A talk with Heiko Nieder

Can you tell us about your journey as a Chef?
I would have to say there are two people who really made me love the job. Firstly, my grandmother who was also a Chef, but not like me. At the end of her career, she worked in the kitchen of a big butchering company in Hamburg. Sometimes when my kindergarten was closed, I would spend the day with her, and she would bring me to her canteen. It was great to walk through the stainless-steel kitchen and revel in the different smells – the butchers preparing sausages and, on the other side, the stocks and stews bubbling. Thanks to her, I chose this profession.
Later, it was Michael Hoffmann who made me a Chef and taught me that if you enjoy what you do, you bring happiness to yourself and your guests. Being a Chef means you spend hour upon hour in the kitchen and I am grateful to him for making me love it. To me, cooking is not just a profession, it is my hobby. Through our craft, we, Chefs, take care of one of our most important needs in the world. What more could you ask for?
Can you tell us your favourite ways to cook the onion?
I love to cook with onions because they are the silent stars in the kitchen and if you take the time, you can transform the ordinary into the extraordinary. In my dish for this book, I braised the onions for 6-10 hours depending on their size. If you were to cook meat for this long, it would lose its consistency and become unpleasant, but the onion’s taste only gets better.
Do you recall your first glass of Krug?
I vividly recall my first glass of Krug Clos du Mesnil. It was a late sunny morning in February when we visited the House of Krug in Reims and went to the Clos du Mesnil. I knew it would not be big, but I did not expect to see such a tiny vineyard in such a small village. As soon as we arrived, we heard clocks chiming and someone said, “It’s Clos du Mesnil o’clock.” Behind the House there was a clock and a waiter ready to serve Krug Clos du Mesnil. Tasting such a Champagne as we walked through this historic vineyard, I remember proclaiming, “this is a drink from heaven.” I will never forget the atmosphere in the vineyard when I tasted this extraordinary Champagne.
Can you tell us about a memorable champagne pairing you have enjoyed?
This would have to be at our Krug Chalet where I created a special cheese fondue, which is not something I would normally do but ended up being a thoroughly delicious food marriage. As a German, my idea for a twist on Swiss fondue was a little unconventional. While classic fondue will involve potatoes, bread and bacon or ham, in my recipe I added a little spice with chorizo, Spanish blood sausage, green olives and anchovies. Together with Krug Grande Cuvée or Krug Rosé, everything was beautifully complemented and, most of all, the guests were happy.
For whom would you prepare your dream Krug pairing?
Joseph Krug. We could share the perfect match of Krug and food. I am not sure what I would cook for him, maybe one, two – or ten – special dishes for the different Krug Champagnes. Over dinner, I would like to discuss the creation process and how he had the idea to craft such a fine Champagne each year, blending wines from different plots and years. What strikes me as interesting is that when I mix flavours in the kitchen, I can see the result immediately. I would like to ask Joseph Krug how he was able to imagine the Champagne’s evolution when he began to create the most generous expression of Champagne every year.

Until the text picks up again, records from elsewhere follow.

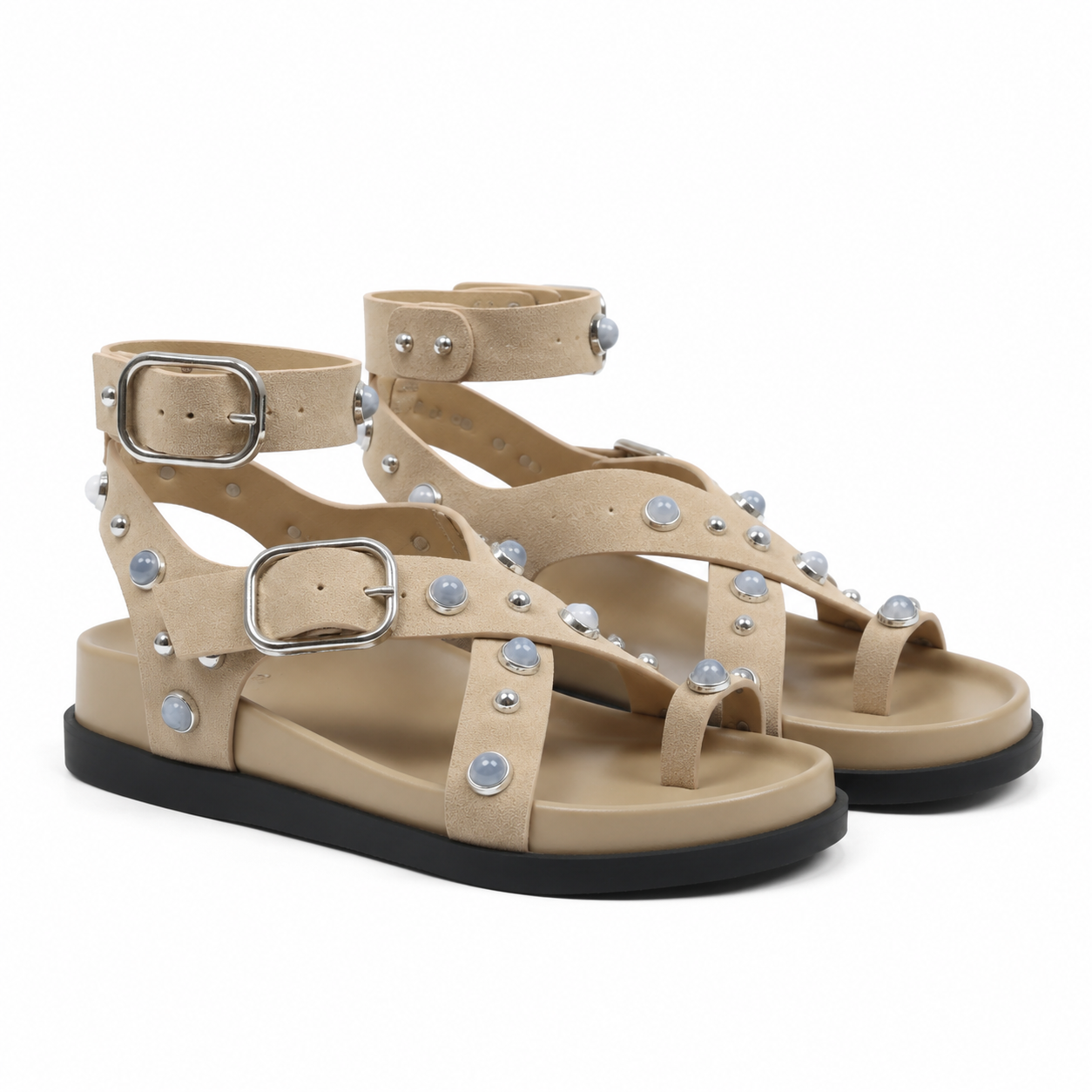 Pebble Grey Women's Open-Toe Buckle Gladiator Sandals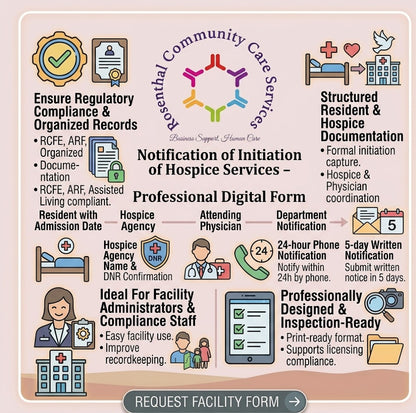 NOTIFICATION OF INITIATION OF HOSPICE SERVICES Rosenthal Community Care Services
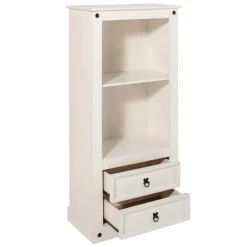 Sale 65x140x38 Landhausregal in Weiß - Henvic Regale|Vitrinen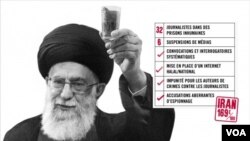 تصویر ۱۲ رهبر "دشمن آزادی مطبوعات" در خیابان های پاریس؛ علی خامنه ای با استکان چای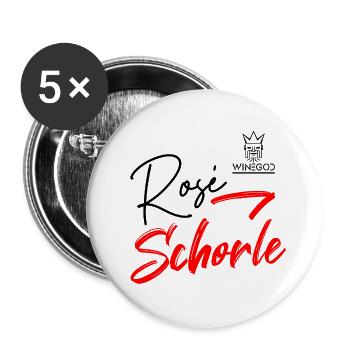 Winegod lustiger Spruch Rose' Schorle - Buttons klein 25 mm (5er Pack) - Weiß - Vorne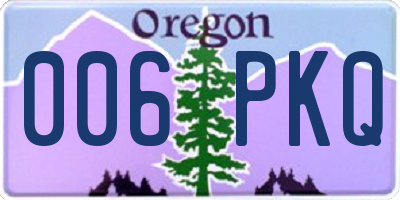 OR license plate 006PKQ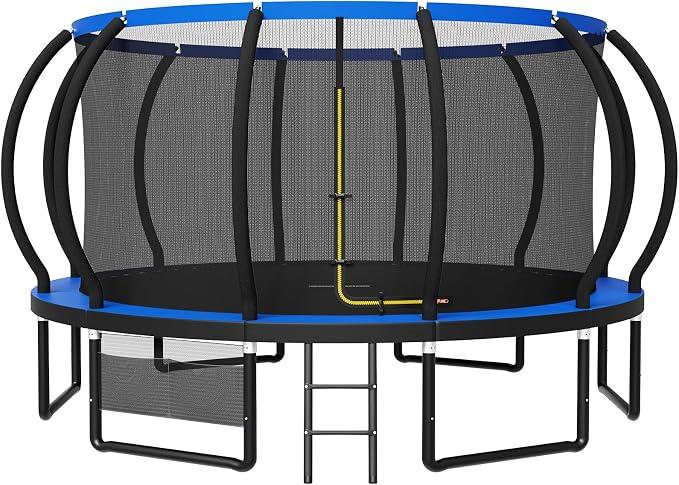 Outdoor Trampolin mit Basketballkorb & Sicherheitsnetz - 150 kg Maximalgewicht - ? 228/305/366/427 cm - Robuster Garten-Trampolinspaß für Kinder und Erwachsene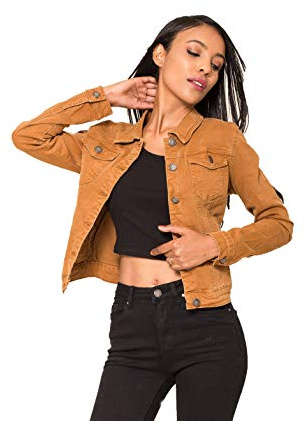 Crazy Age Veste en jean Blazer mi-saison pour femme, camel, M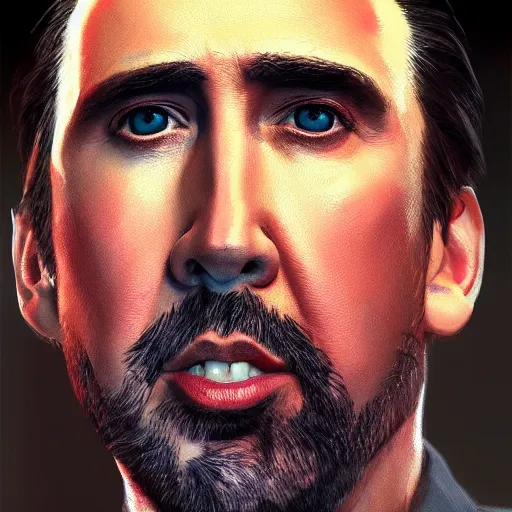 Prompt: nicholas cage, a fine art painting, Patrick Brown, trending on cgsociety, artstation, american realism, 2d game art, photo illustration, daz3d, official art,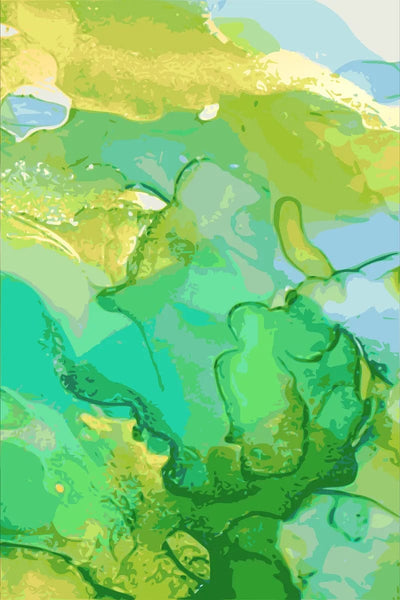 Tablou decorativ - Verde Galben Abstract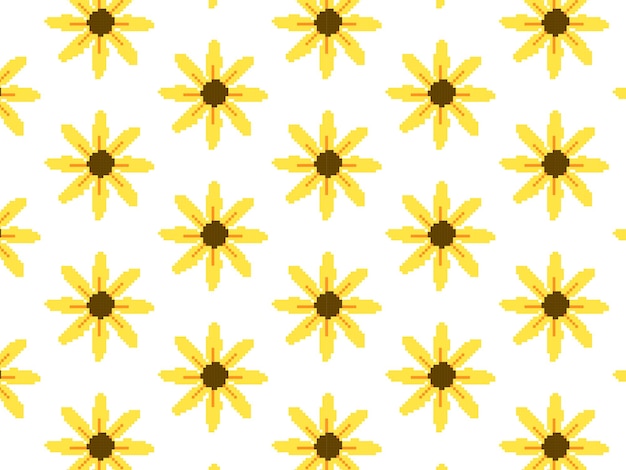 Sfondio di carta da parati a disegno a pixel di fiore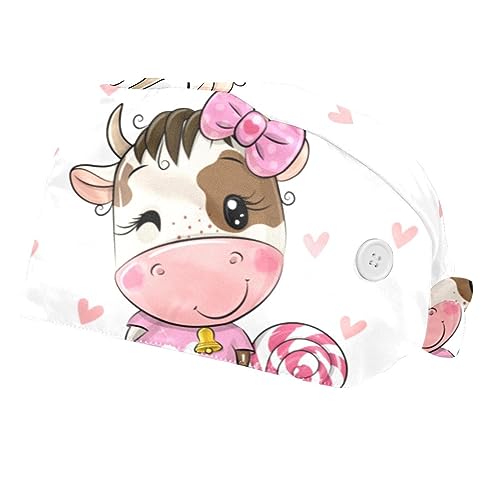 Chapeaux de travail motif vache pour cuisine et laboratoire casquettes avec bandeau de sueur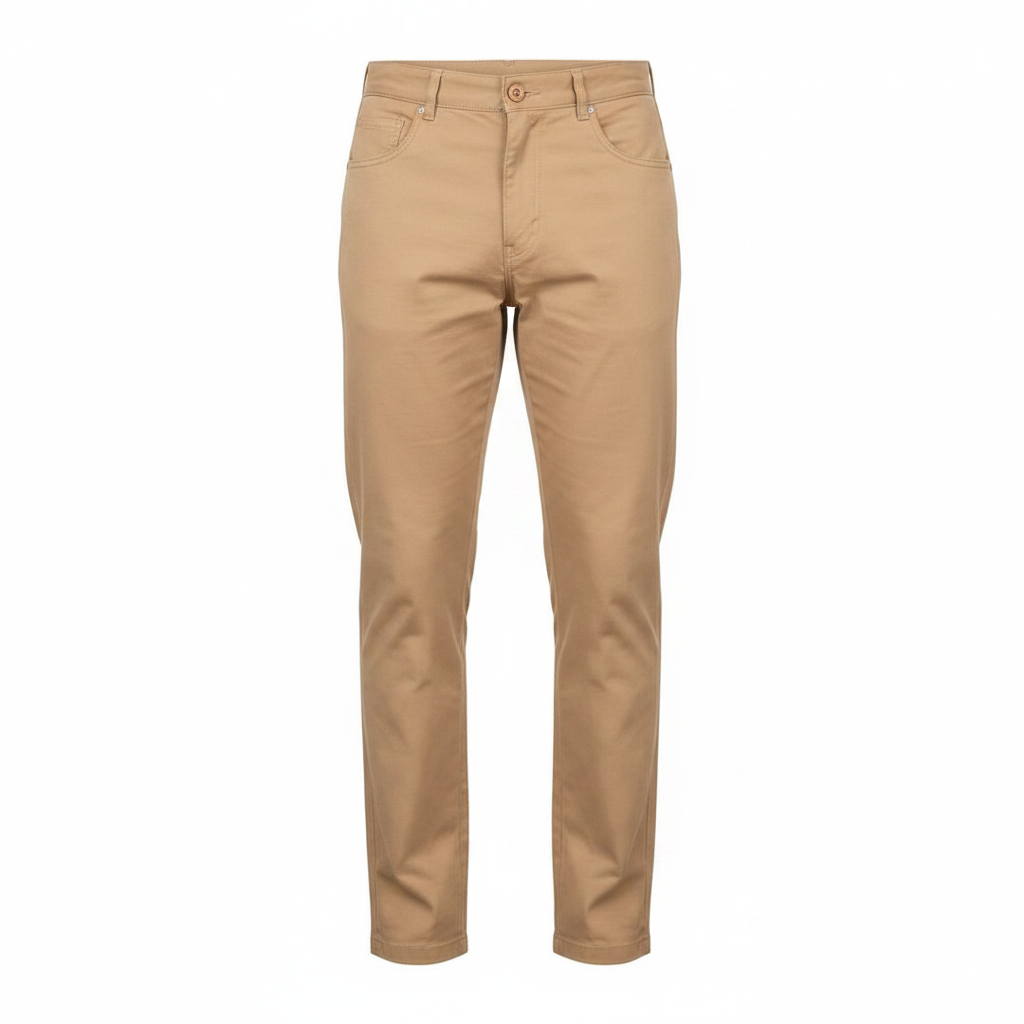 Khaki Slim-Fit Chino Trousers for Teens – Front Ghost Mannequin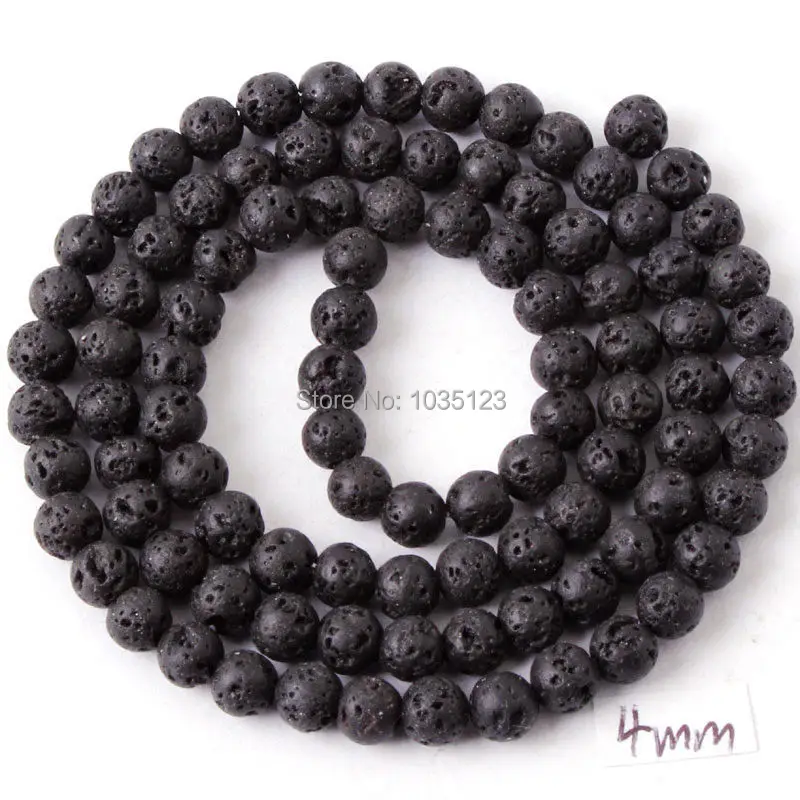 Round Natural Black Lava Rock Stone Bracelet Necklace Jewelry Loose Beads 15 Inch 4/6/8/10/12/14/16/18/20mm wj76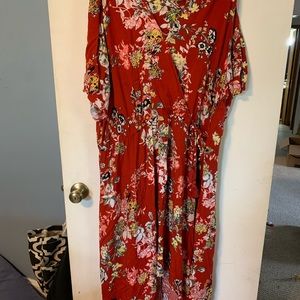 Cato red floral high-low faux wrap dress 26/28W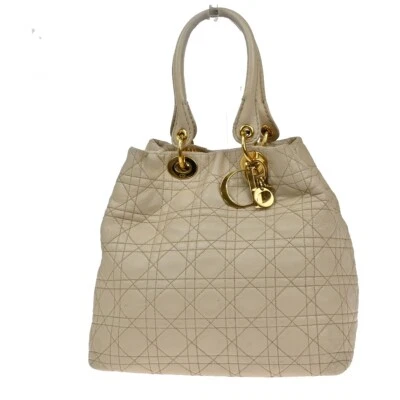 CHRISTIAN DIOR Lady Cannage Tote Hand Bag Canvas Leather Beige Italy 70EF215 - Image 1 of 4
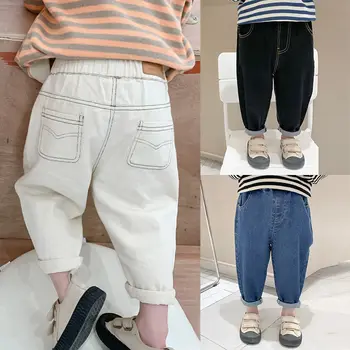 Dojenček Fant Dekle Nepakirana Jeans Nov Modni korejski Slog Priložnostne Barva Jeans Pomlad Jesen Otrok Traper Hlače Za 1-7 Let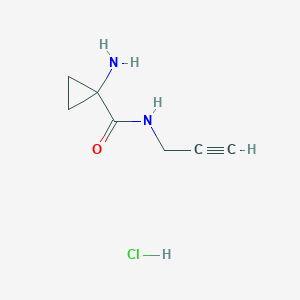 molecular formula C7H11ClN2O B15305723 1-amino-N-(prop-2-yn-1-yl)cyclopropane-1-carboxamide hydrochloride 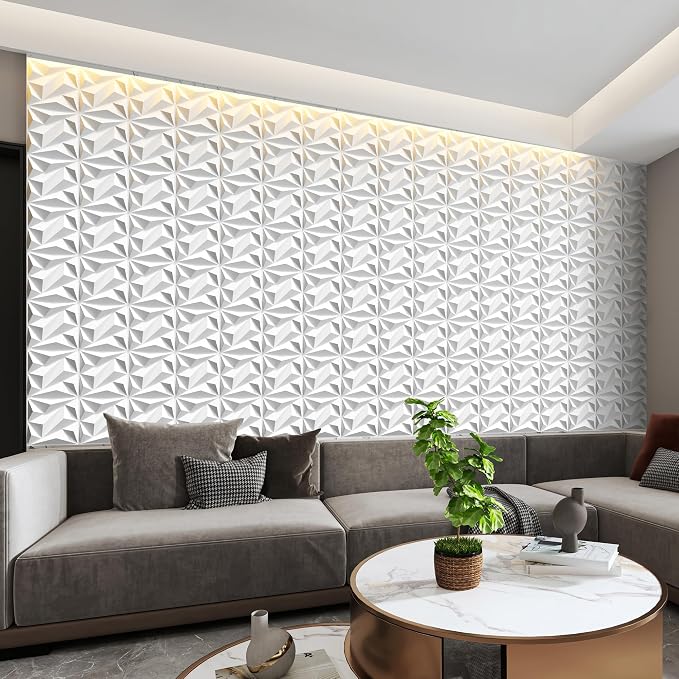 INMOZATA 3D Wall Panels, Diamond Textured PVC Accent Wall Panels | 33-Pack 12" x 12" PVC Decorative Wall Panels for Interior Wall Decor, TV Gaming Living Room, Bedroom Background, White - Image 6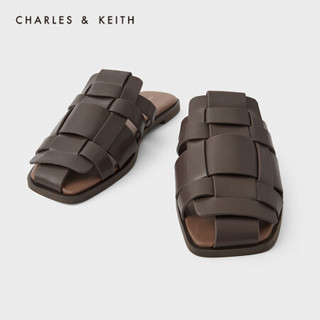CHARLES＆KEITH2021夏季新品CK1-70380858女士编织鞋面平底凉拖 Dark Brown深啡色 39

Braised onion with duck liver essence, mango and mustard

Braised onion with duck liver essence, mango and mustard

    2 servings
  • timing
    30 minutes
  • preparation time
    2 days
  • Cooking time
    6-8 hours



40 g cane sugar, 50 g butter

4 onions, white, cut in half

100 ml malt vinegar

1 cinnamon stick (15 g)

5 g thyme, 5 g rosemary

400 ml poultry stock


160 g braising stock from onions

7,5 g vegetarian gelatin, 1,5 g agar agar


150 g brioche

15 g concentrated butter, 10 g butter


3 l poultry stock

0,5 kg duck meat from the haunch, rough pieces

0,5 kg duck liver, 300 ml egg white

120 ml Chardonnay wine

1 g coriander seeds, 0,6 g pimento

1 clove, 1 small bay leaf

25 g kombu seaweed

20 ml white soy sauce

40 ml mirin, 40 ml sake

500 g ice cubes


250 ml water, 125 ml rice vinegar

5 g sugar, 5 g salt, 1 bay leaf

50 g mustard seeds (light)

50 g mustard seeds (dark)


200 g duck liver, 1,65 g nitrite salt

150 ml Brandy, 100 ml port wine, white

80 ml Noilly Prat

125 ml poultry stock (reduced to 80 ml)

6 egg yolks, 50 g panko

180 g duck liver, cured

PM Himalayan salt, PM sugar

PM lime juice to taste


100 g Italian parsley

200 ml vegetable oil


150 g mango pulp

50 g gelling sugar 3:1

20 g light miso paste

10 g lime juice, 5 g mango vinegar

Himalayan salt

15 g Dijon mustard, grainy

1 bay leaf, 0,05 g quatre épices


1 white onion

110 g flour, 500 ml vegetable oil

PM Himalayan salt

PM Maldon sea salt

STEP 10.

12 mango cubes (1 cm edge length)

2 petals mustard cress



Caramelise cane sugar together with butter in a small pan, deglaze with malt vinegar. Settle halved onions with the cutting surface on top of the caramel. Add remaining ingredients. Cover up and braise for 6-8 hours at 160°C in the oven. Frost onions every now and then with the evolving stock. Subsequently, remove braised onions from stock, peel off the outer layers and strain stock again on top of the onions.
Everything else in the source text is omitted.